How MNOs can generate revenue from Machine-to-Machine services

PADERBORN, GERMANY: Many operators have realized the revenue opportunities for machine- to-machine (M2M) business. Taking a look at today's margins for this business, it becomes obvious that it will be a tough task to realize profitable margins for these M2M services.

To act profitable, operators need to offer connections on a high volume basis bundled with dedicated managed service offerings. What is more, they need to dramatically reduce their costs for enabling these M2M services. Orga Systems, #1 choice for real-time charging and billing, enables MNOs to realize outstanding service innovation or diversification, based on its real-time convergent charging and billing solutions.

Strong growth in number of M2M connections
Leading analysts predict strong growth for M2M connections. Some predict wireless M2M connections will reach 294.1M in 2015. This would mean they represent 4 percent of the total cellular connections worldwide.
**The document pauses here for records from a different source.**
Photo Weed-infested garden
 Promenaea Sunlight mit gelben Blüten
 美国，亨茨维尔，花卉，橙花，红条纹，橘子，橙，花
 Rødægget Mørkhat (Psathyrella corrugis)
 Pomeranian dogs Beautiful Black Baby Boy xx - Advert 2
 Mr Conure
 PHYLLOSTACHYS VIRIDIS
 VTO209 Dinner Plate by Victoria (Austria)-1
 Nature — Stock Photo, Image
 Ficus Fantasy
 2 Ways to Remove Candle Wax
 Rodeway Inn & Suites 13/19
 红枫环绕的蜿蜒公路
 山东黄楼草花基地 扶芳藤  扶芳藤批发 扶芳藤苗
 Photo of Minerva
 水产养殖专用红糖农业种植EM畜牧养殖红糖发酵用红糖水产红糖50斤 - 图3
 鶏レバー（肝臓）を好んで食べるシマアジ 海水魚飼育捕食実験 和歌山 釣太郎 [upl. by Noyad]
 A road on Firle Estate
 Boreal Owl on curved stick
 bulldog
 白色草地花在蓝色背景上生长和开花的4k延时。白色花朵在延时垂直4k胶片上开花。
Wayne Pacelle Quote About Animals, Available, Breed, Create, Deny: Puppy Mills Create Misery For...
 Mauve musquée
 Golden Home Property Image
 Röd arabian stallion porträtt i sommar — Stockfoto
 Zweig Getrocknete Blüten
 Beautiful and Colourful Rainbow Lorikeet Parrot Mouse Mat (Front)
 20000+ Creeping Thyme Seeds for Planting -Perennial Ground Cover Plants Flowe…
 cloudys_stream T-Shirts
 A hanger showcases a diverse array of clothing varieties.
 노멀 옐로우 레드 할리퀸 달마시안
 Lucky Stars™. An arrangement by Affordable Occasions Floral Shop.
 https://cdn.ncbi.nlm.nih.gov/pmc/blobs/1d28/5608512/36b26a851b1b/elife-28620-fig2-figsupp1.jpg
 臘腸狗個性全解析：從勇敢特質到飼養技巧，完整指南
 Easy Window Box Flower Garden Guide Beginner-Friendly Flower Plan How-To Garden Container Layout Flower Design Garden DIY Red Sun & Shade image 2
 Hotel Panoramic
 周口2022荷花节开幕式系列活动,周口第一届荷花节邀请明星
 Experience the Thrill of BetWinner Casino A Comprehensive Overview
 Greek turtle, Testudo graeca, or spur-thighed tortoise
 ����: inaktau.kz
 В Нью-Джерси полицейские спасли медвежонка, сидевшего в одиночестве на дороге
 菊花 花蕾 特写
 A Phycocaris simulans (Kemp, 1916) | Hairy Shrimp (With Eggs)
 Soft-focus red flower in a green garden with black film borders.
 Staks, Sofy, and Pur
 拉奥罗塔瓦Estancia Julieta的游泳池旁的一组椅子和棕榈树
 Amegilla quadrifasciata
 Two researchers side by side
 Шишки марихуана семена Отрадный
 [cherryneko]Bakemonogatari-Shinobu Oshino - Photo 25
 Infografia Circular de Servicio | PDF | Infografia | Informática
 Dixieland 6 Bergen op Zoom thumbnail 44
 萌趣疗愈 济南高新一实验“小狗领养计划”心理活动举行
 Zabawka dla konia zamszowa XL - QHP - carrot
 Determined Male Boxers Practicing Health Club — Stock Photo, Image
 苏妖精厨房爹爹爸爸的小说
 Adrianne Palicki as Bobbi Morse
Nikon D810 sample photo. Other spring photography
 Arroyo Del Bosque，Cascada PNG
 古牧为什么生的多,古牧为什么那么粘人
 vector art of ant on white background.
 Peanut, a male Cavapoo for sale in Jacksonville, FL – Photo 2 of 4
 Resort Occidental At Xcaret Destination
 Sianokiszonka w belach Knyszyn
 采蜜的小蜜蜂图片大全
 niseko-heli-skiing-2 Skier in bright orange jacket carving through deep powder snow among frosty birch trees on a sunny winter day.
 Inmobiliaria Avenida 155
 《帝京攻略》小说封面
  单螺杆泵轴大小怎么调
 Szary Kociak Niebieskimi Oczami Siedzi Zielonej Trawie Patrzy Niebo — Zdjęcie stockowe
Furthermore, the number of M2M connections may rise to 2.1 bn in 2020. Taking these impressive figures into account, operators face major challenges in sales, marketing and converging OSS/BSS for M2M services.

Automation and large scale are key for profitable business
Operators need to automate device support for customers in markets like smart grids, energy, transportation telematics or healthcare. This is the only way to reduce provisioning as well as customer support costs and enable profitable M2M business.

While monthly revenues for dedicated transportation telematics services are not that low, especially areas with highest growth rates like smart metering generate extremely low ARPUs. Real-time capabilities are the common basis to promote profitable M2M business. For the utility market, an easy integration into existing meter data management and utility CIS systems based on standard interfaces needs to be ensured.